Batch big IN/NOT IN selections #575

pimeys · 2020-03-11T19:34:02Z

This will fix the issues when joining and fetching with a big selection of records when the database doesn't like that big of a queries anymore.

What it does is it checks the filter, if it can find ONE scalar filter that is IN/NOT IN with more than 5000 items, it will split the filters into batches of at most 5000 items and run the queries in parallel.

So this is going to be batched:

query {
  findManyUser(where: { id_lt: 10000 }) {
    posts(where: { id_lt: 10000 }) {
      id
    }
  }
}

The batch size can be controlled via QUERY_BATCH_SIZE environment variable for test purposes.
Hopefully on Friday I can solve the last query in a way that works and I can also write tests for this somehow.

tomhoule

I'm not familiar enough with the implementation of the filters yet to say if there's high level problems with the design, but it looks good to me 💯

One super nitpicky thing: the PR description is helpful, it would be nice to have it in the commit message for future reference (sometimes I do use that :p)

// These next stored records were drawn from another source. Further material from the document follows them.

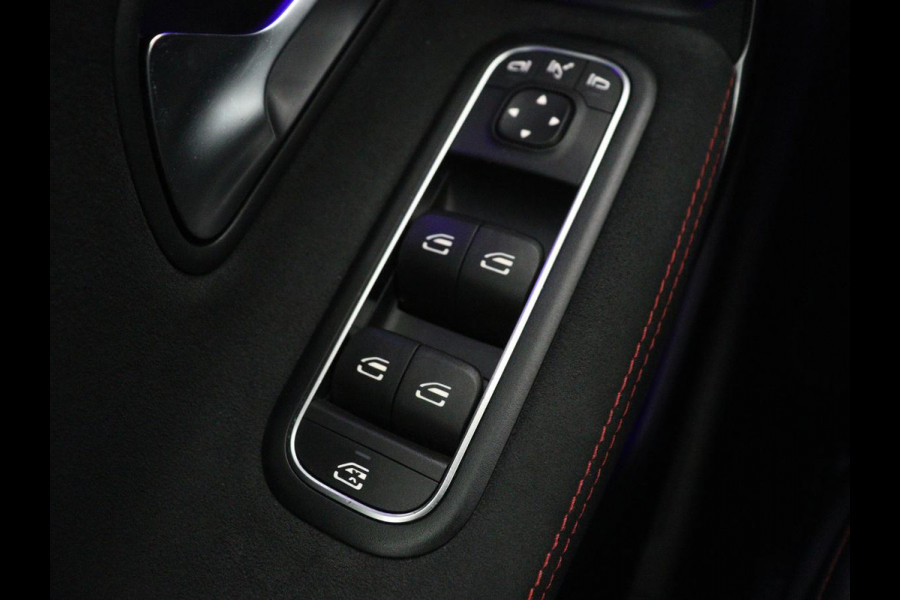 Mercedes-Benz A-Klasse AMG 35 4Matic Night | Panoramadak | Carplay | Widescreen | Stoelverwarming | Burmester | 360 camera | Sfeerverlichting | Leder/Alcantara | Navigatie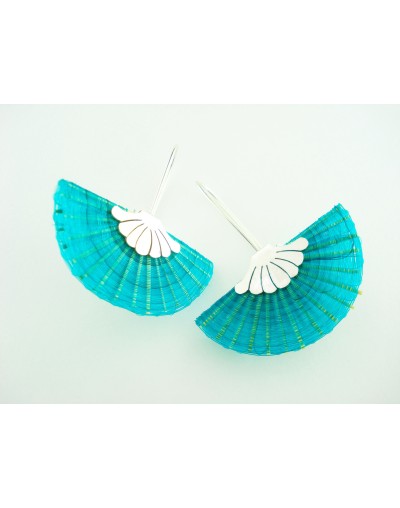 Aretes media luna
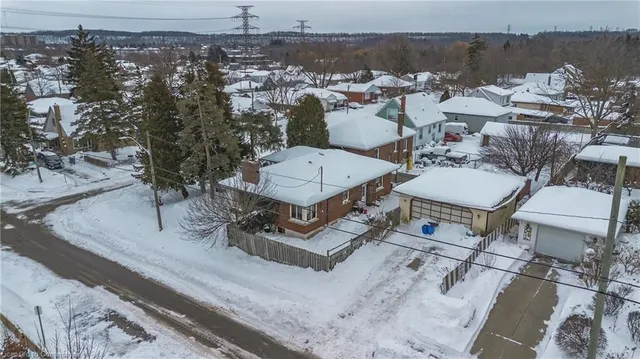 Additional image 32 of 190 Erindale Ave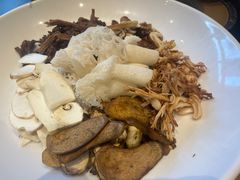 -黔蘑菇四季餐厅(观山湖店)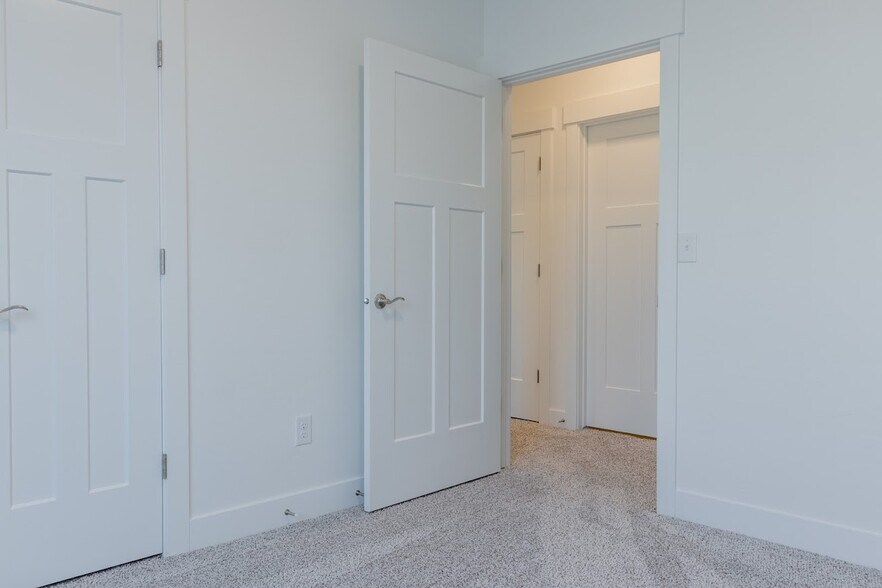 Building Photo - 3758 W 1440 N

tomhoule · 2020-03-12T08:11:11Z

query-engine/connectors/query-connector/src/filter/scalar.rs

+            }
+
+            batches
+        }


I was thinking a bit more about this, and if the list here is large (which it is if we are batching), then we are iterating over it, but if we computed the indexes for the batches, we could iterate over those and push the batches one at a time (instead of an element at a time). Here we have per-element costs like the conditional, and the last_mut lookup (with bounds check). But that's an optimization we can do later once we have decided we do want to do this this way and the API settles down.

Yeah this thing here also is not the final version. It's the first version that somehow works. Now we need some conversation about this. The first limit I'd like to lift is the problem of this not working if we have more than one IN statement in the filters.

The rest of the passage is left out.